Sure. Okay. Just lastly, if I could, in terms of the double-digit consumer growth, how much does Upstart play into that? You know, is it the majority of growth? You know, what sort of yields, average yields are you getting there?
This is Rick Wright. On the Upstart side, I'd say we're just starting to grow that, although it's been a fairly substantial front-end effort on that. I would say that Spring EQ and Upstart together will account for a significant amount of that growth. We're doing a lot of production in the other areas, but the runoff, the pay downs, the use of the line of credit lines are still headwinds. The basic answer is Upstart and Spring will be a lot of it.
Yield?
The yield is in the mid sevens on Upstart.
Got you.
Frank, just to clarify, that's a bottom line NIM. The growth yield on those products are 12%-13%.
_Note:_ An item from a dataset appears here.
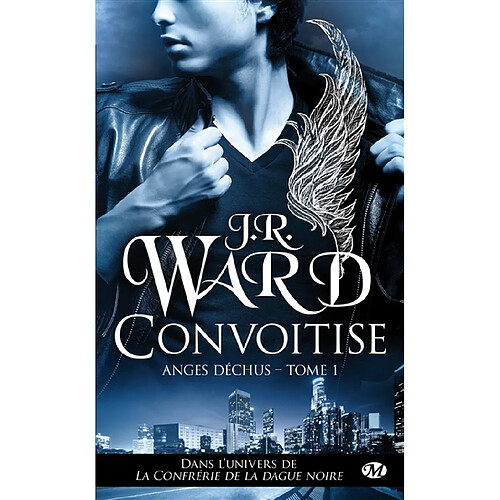 Anges déchus. Vol. 1. Convoitise · Occasion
I'm sorry. Say that. The loan yield is 12%-13%?
Correct.
Okay.
The growth. Yeah.
That's Upstart as opposed to obviously that's not Spring EQ, that's Upstart yields.
Correct.
Correct.
Okay. Thank you.
Thank you. Our next question comes from the line of Michael Perito with KBW. Your line is open, sir.
Hello. Can you guys hear me?
Yeah, Michael. We got you, Mike.
Great. Sorry. Thanks for taking my questions. I had a couple places I wanted to touch on. Just number one, on the Bryn Mawr side. Rodger, I was curious if you could just provide some updated commentary around kind of key employee and customer retention with the transaction now closed. Just generally speaking also on top of that, you know, what the kind of hiring pipeline in that greater Philadelphia market looks like, which is something I think you guys had some nice momentum on leading into that transaction.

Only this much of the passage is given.